Here’s a quick reference:
| Unit | Value |
| Inches | 20 in |
| Centimeters | 50.8 cm |
| Feet | 1.67 ft |
| Millimeters | 508 mm |
10 Common Things That Are 20 Inches Long
| Object | Measurement |
| Bed pillow (standard / twin) | Short side, laid flat — 20 inches wide |
| Kitchen cutting board | Medium / large family size — 20 inches long |
| Office chair seat height | Floor to cushion top, mid-range — 20 inches tall |
| Countertop microwave | 0.9–1.2 cu ft model — 20 inches wide |
| Carry-on suitcase | Upright, including wheels — 20 inches tall |
| Computer monitor (22″ class) | 16:9 ratio, bezel to bezel — ~20 inches wide |
| Laptop bag (15–16″ sleeve) | External short dimension — 20 inches tall |
| Tenkeyless keyboard | No numpad, left to right edge — ~20 inches wide |
| Swing-arm desk lamp | Fully extended horizontal reach — ~20 inches reach |
| Mini / child’s skateboard | Deck, nose to tail — 20 inches long |
1. Bed Pillow

Pick up any standard twin pillow and measure across the shorter side.
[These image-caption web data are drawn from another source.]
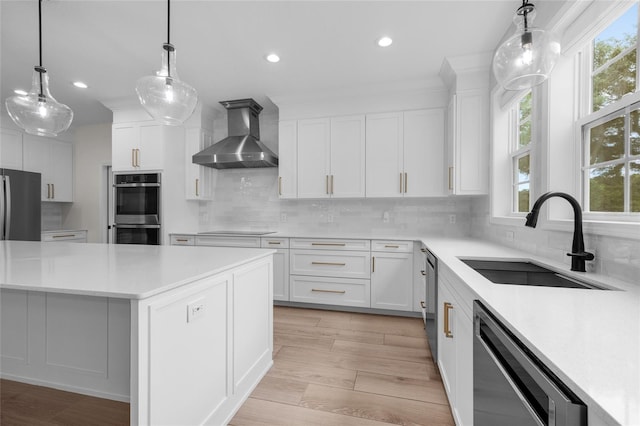 kitchen with appliances with stainless steel finishes, decorative backsplash, light wood-type flooring, and wall chimney exhaust hood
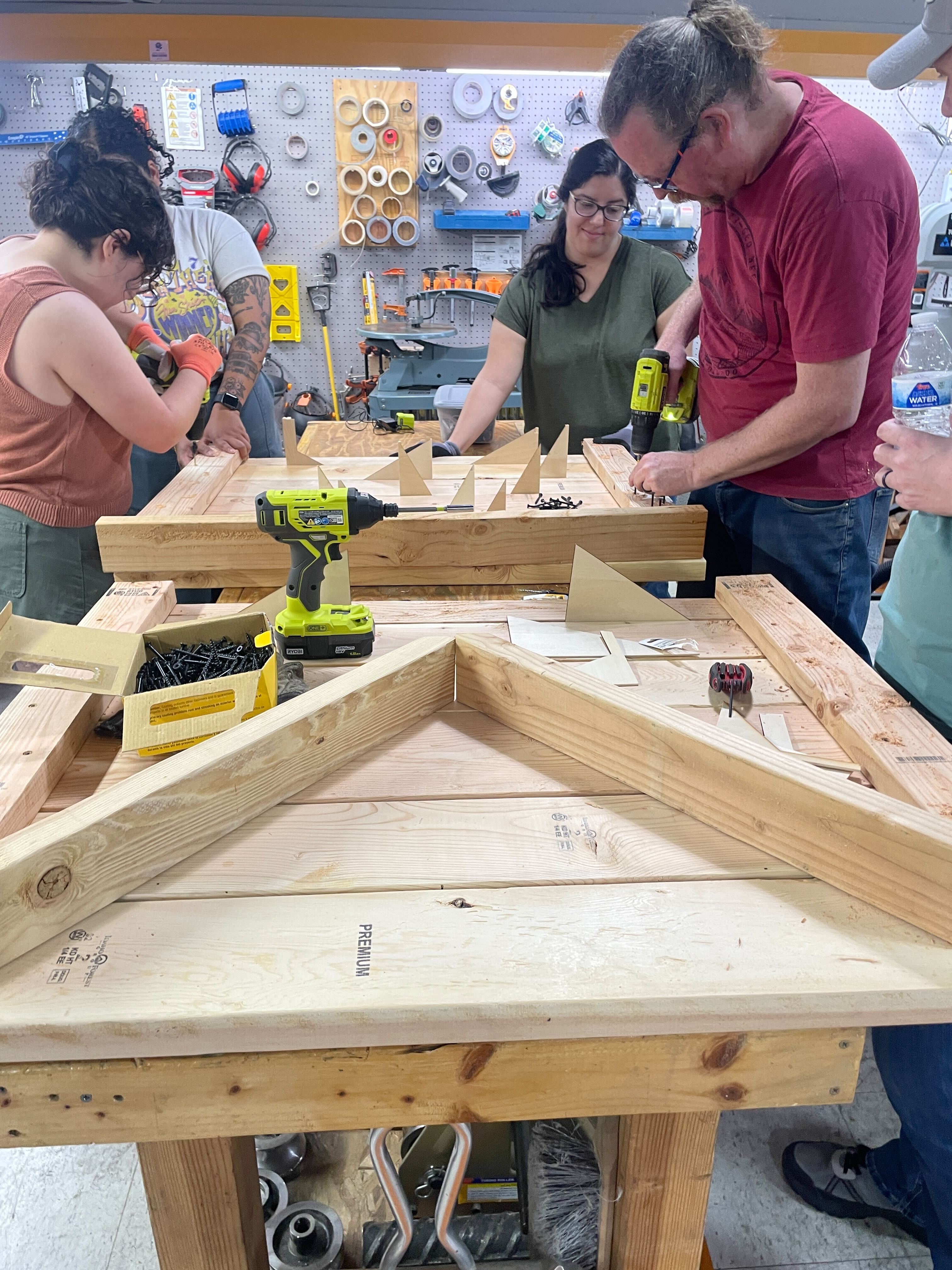 Planter frames being screwed together in the wood shop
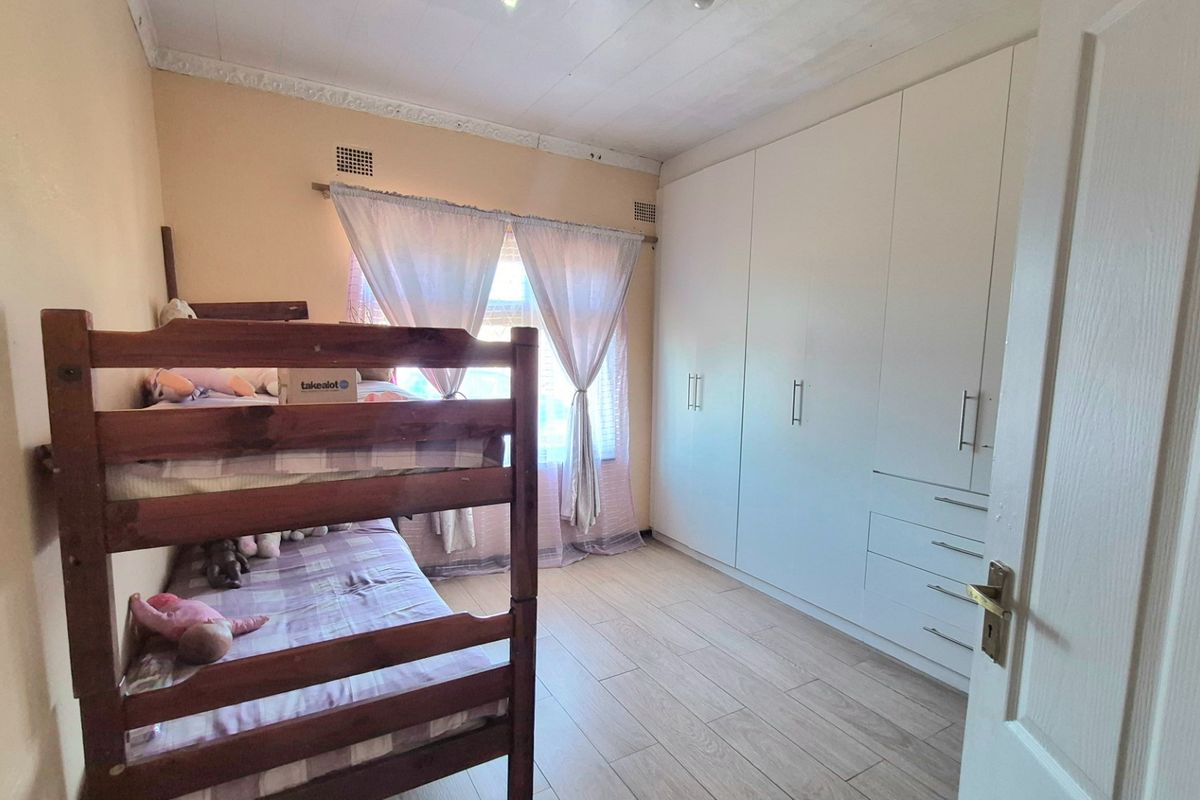 A bedroom featuring light-toned tiled flooring, built-in white cupboards, and a ceiling with decorative cornice detailing.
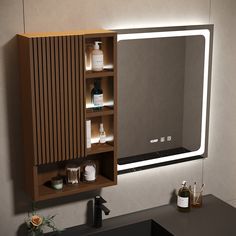 a bathroom vanity with lighted mirror above it and bottles on the counter top next to it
It’s exactly 20 inches wide — every time, without exception. The length runs longer at 26 to 28 inches, but that short width? That’s the 20-inch edge.
This isn’t accidental. A full or queen mattress runs 40 to 60 inches wide. Two standard pillows placed side-by-side fill that width without overlapping or leaving empty space. The 20-inch width is a deliberate design decision, not an industry guess.
It’s also why pillowcase shopping feels oddly simple — a “standard” case fits this width precisely. So if you’re ever measuring a pillowcase, a pillow storage shelf, or figuring out how many pillows will sit across a bed, start with 20 inches in your mind and work from there.
2. Kitchen Cutting Board

The cutting board sitting in most family kitchens measures 20 inches along its longer side. Not the small boards used for quick snacks, but the kind used for breaking down a whole chicken or slicing a large watermelon half.
This length exists for a very practical reason: it fits inside a standard 24-inch deep base kitchen cabinet when stored vertically, and it slips diagonally across most double-basin sinks without tipping. It’s long enough to handle large produce and proteins without your knife running off the edge.
If you’re buying a cutting board for a real cooking setup — not just a small prep corner — this 20-inch length is the useful minimum. Measure your cabinet or sink diagonal before ordering and you’ll know immediately whether it fits.
3. Office Chair

Set a standard pneumatic office chair to its mid-range height. The cushion will sit 20 inches above the floor. Not at the lowest or highest setting, but right in the middle of its adjustment range.
This measurement solves a specific ergonomic problem. For most adults — roughly 5’8″ to 5’10” — a 20-inch seat height places the thighs parallel to the floor when feet are flat. That alignment reduces pressure behind the knees and keeps the lower back in a neutral curve.
The matching piece is your desk: if your chair sits at 20 inches, your desk should be around 29 inches high for comfortable typing. If your desk is fixed at 28 or 30 inches and your chair doesn’t reach 20 inches of height, that’s where the back pain starts. Knowing this number helps you shop smarter.
4. Microwave (Width — Medium Countertop Model)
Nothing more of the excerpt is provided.